Worse was the fact that though he might not be able to climb up further, he was also in little condition to climb back down. He couldn’t hang there forever; his weight would eventually break the tree upon with he rested.
Bayne cursed. He was not one to deny the existence of the gods, though neither did he arbitrarily accept their being. Still, that day on that mountain, he cursed every one of them he could remember. From the Almighty Ashal who walked among men to the heathen gods of deepest, darkest jungles, Bayne lay his curses upon them all.
Then he closed his eyes and breathed in slowly to reserve his strength. Stronger and more sturdy than other men, he could hang from that branch for the longest of times. But eventually he might tire, or more likely the branch would break. But he could not do nothing. Bloodied hands, scraped flesh and all, he would have to try to climb.
Something brushed against his face.
Bayne opened his eyes. Hanging before him with one end laying across his arms was a rope of sorts, a braided cord appearing to be made of some sort of dark hair. He loo
ked up. The rope continued its length up the side of the mountain, disappearing over the lip of what Bayne guessed to be a furtherance of the road.
“Foolish little boy,” a silky feminine voice said from above, “for what are you waiting?”
Bayne asked himself the same question. Then he reached out and took hold of the braids. Being no fool, he tested the strength of the line before putting his complete weight and trust into the thing, but he found it sturdy and serviceable. Still, his hands were slippery from the blood and he feared the cord would slide between his fingers and leave him to a fall. To prevent such a tragedy from happening, he wrapped the rope of hair around his waist beneath his arms and tied his end into a knot. Then he tested the rope one more time. It seemed to hold.
Planting his boots against the side of the mountain once more, Bayne began to climb. Hand over hand he made his way up. Every so often one bloody hand would slip, but Bayne’s luck held and his other hand always kept a sturdy grip. The higher he rose, the easier the climb became. It was more like walking the side of the mountain than actual climbing, the rope of hair obviously aiding in his ascension.
Finally, after many tired minutes, Bayne reached the edge of the slip of stone above. He threw one leg over and pulled himself up, the strands of locks still wrapped around his trunk.

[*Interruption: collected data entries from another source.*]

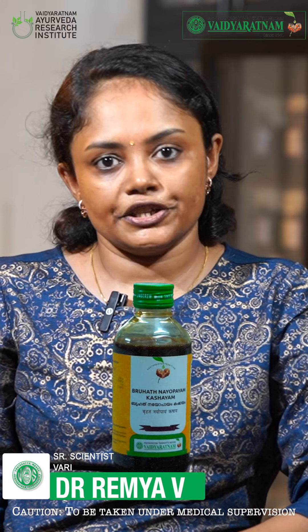Welcome to Vaidya Ratnam's Yoga Samiksha video series. Today we are going to discuss about the various perspectives on the clinical approaches of Brihat Nayobayam Kashayam.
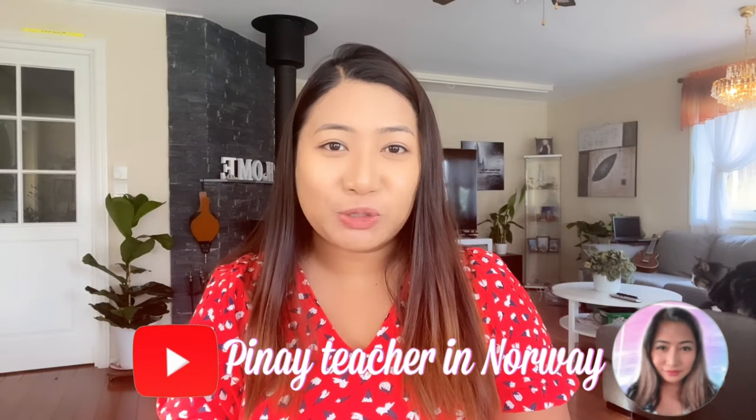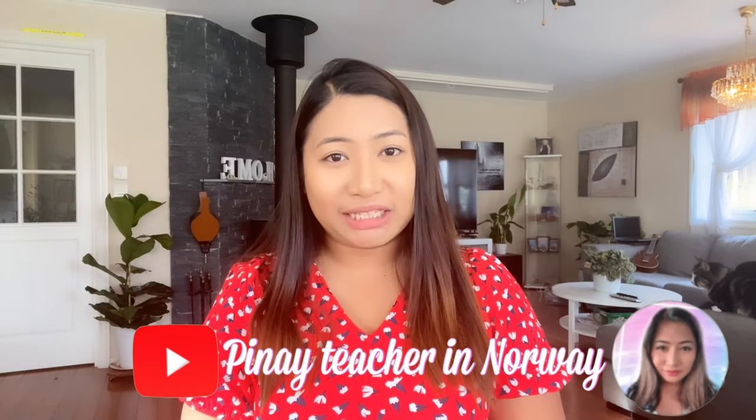Hello everyone! Welcome back to my YouTube channel. I am Donita, your Pinay teacher in Norway. And in this video, I will share to you what are the ways on how to move here in Norway. Can it be expensive or can it be free? So just sit back and relax and watch.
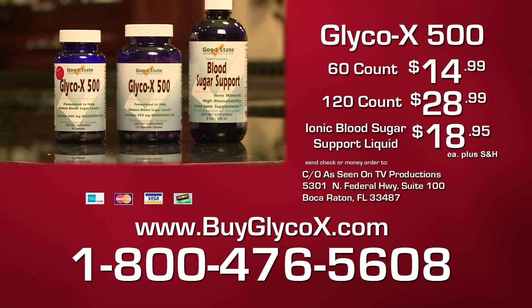To order Glyco X500 starting at just $14.99, or ionic blood sugar support liquid for $18.95 plus shipping and handling, call 1-800-476-5608 or log on to buyglycox.com.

The surprise of what he found must have been evident on his face by the laughter of the woman seated before him. She was a beauty, dark-haired with coal-rimmed eyes shaped like almonds; she wore a simple black chemise that outlined her body well and revealed the pale flesh of her arms and neck. Her lips were like a flower, a rose, as red and seemingly as smooth as petals.
“Dumfounded?” she asked. Then laughed again.

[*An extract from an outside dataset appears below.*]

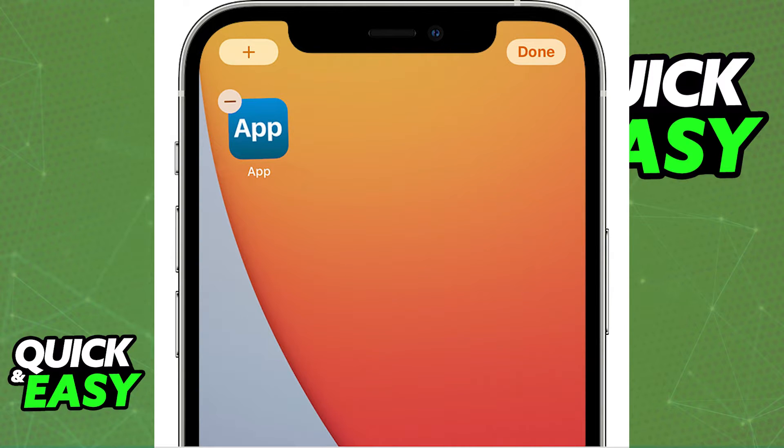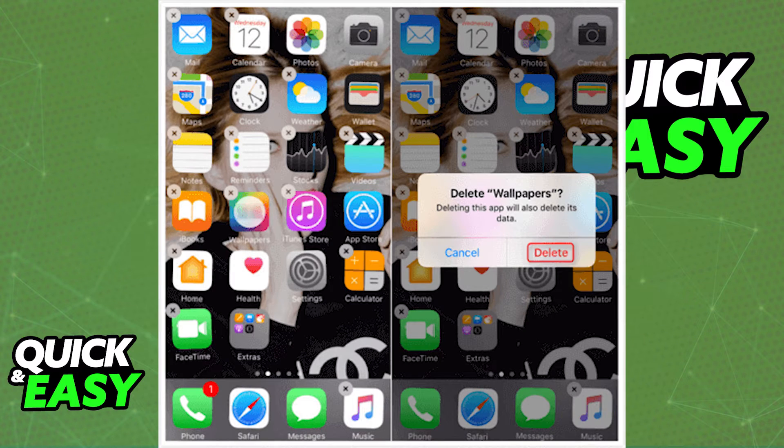Now on the top left corner of each app, you have this little gray X icon that you can click and instantly bring up the deletion prompt, just as you would do by holding down on individual apps. After you delete an app this way, the gray X button will remain there, so you can click on multiple apps at a time with much easier time.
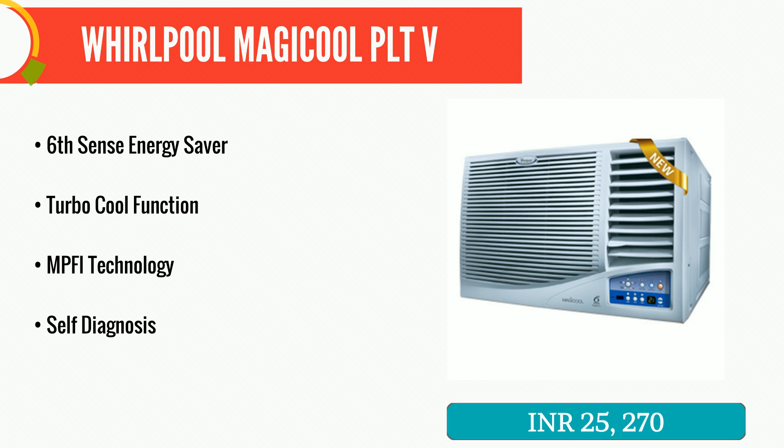Not everyone goes for the split AC, so here is the very first window AC making its mark. Whirlpool's intuitive technology knows exactly what you want and when. It intelligently senses and automatically adjusts the cooling depending on the temperature inside the room.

Bayne stood and untied the hair rope from around him, letting it fall to his feet at the edge of the cliff. He glanced about and admitted to himself that yes, he was quite dumbfounded. Little here was as he had expected.

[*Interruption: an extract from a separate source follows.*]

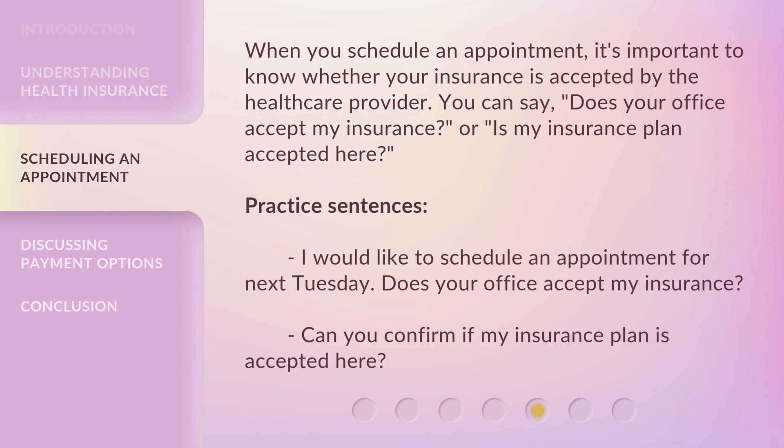When you schedule an appointment, it's important to know whether your insurance is accepted by the health care provider. You can say: "Does your office accept my insurance?" Or, "Is my insurance plan accepted here?"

A woman he had expected, but not this exotic beauty who appeared as if a queen from a fairy tale. More surprising and of more immediate interest were his surroundings. Yes, he was on the side of the mountain, but there was no road here. The ledge upon which he stood was as wide as a small field but as narrow as the distance he could toss a rock. No road or path meandered away from either sides of this flat plane. It was disappointing.